Scanning through the engineering applications of optimization with different modeling approaches, one gets a broad picture of the multitude of applications of optimization techniques. In the 1970s, considerable progress was made in the field of Operations Research, and Multi-Criteria Decision-Making (MCDM) procedures were advanced in several directions, such as utility theory, goal programming, interactive procedures, out-ranking methods and fuzzy programming. There are three broad categories of MCDM problems:
- Decision under certainty (Deterministic modeling),
- Decision under uncertainty (Stochastic modeling),
- Decision under fuzziness (Fuzzy modeling).
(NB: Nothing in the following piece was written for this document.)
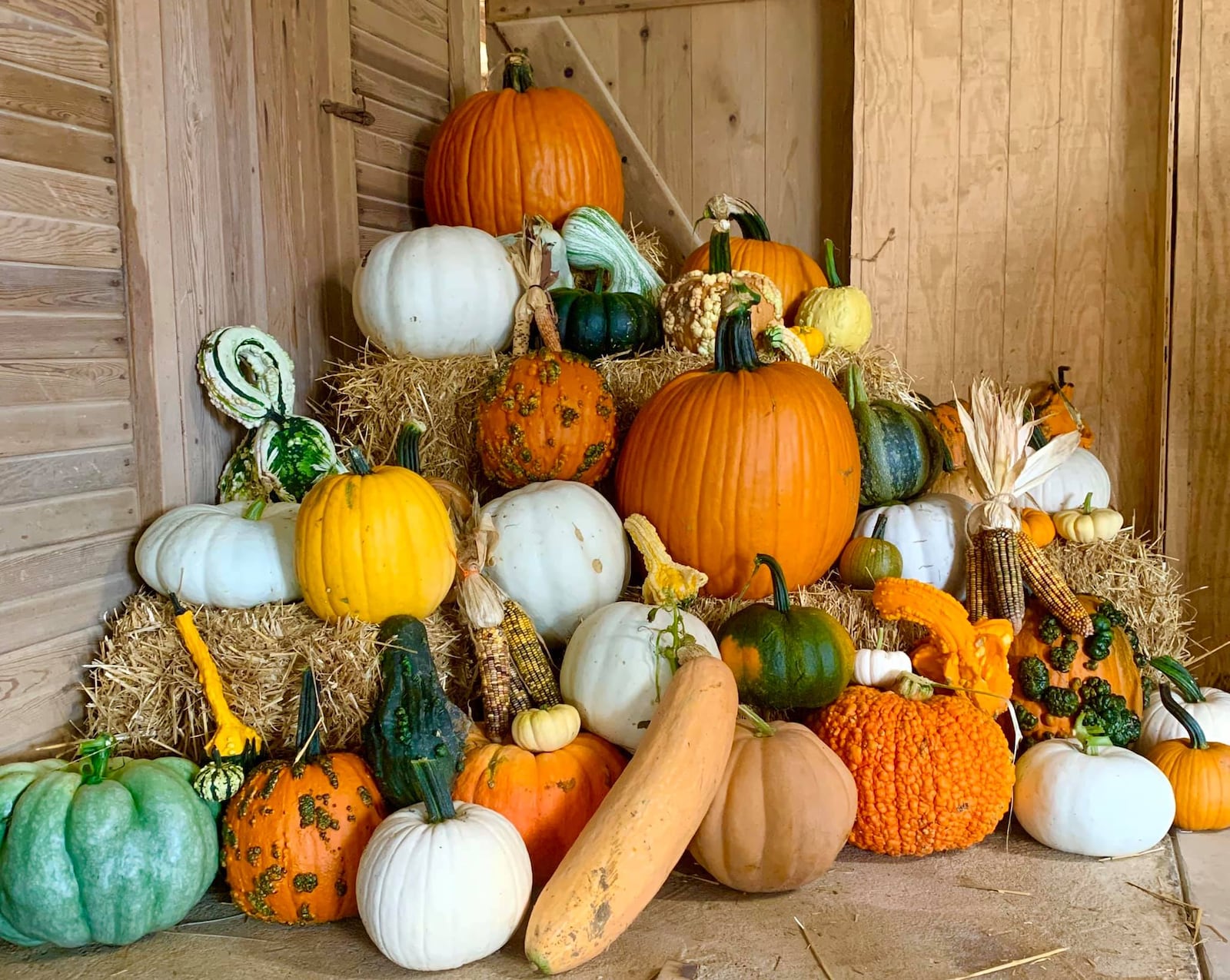 The collection of pumpkins available in Schappacher Farms' market.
Mathematical modeling and solution methodology of decision making under certainties are both discrete solution space and continuous solution space. The most popular technique for the solution of multi-criteria problems is Goal Programming (GP), which came into existence under continuous solution space methodology.
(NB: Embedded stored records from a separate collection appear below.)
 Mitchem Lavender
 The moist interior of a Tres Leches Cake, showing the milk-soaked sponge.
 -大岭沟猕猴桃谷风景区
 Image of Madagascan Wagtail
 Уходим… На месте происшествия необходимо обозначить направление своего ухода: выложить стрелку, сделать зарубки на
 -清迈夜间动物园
GP is one of the techniques for obtaining a possible ‘satisfactory’ level of achieving various objectives: an approach to avoid stretching one’s resources too much as it produces bad aftereffects, where a person or an organization instead of maximizing or minimizing an objective may be satisfied by setting up a reasonable goal for the objective to be achieved as closely as possible. GP is one of the most widely used techniques for solving many real-world managerial MCDM problems, particularly in case where the criteria are defined as linear analytic functions of decision variables belonging to a compact feasible set. In general, GP is used for solving linear decision models having more than a ‘single’ objective, i.e., multi-objective decision-making problems. In the early 1960s, Charnes and Cooper described GP as a workhorse which is strong and rugged and easy to use in comparison to a thoroughbred one requiring devoted attention by skilled attendant and used only by specially trained riders (Charnes and Cooper, 1961, 1968, 1975 and 1977). GP, which has received much attention from analysts like Yuji (1965), Sang (1972), Ignizio (1976, 1982 and 1983), Tiwari et al. (1986), Mondal (1988), and others, due to its ease of applicability to many real-world problems, has led to development of a systematic methodology.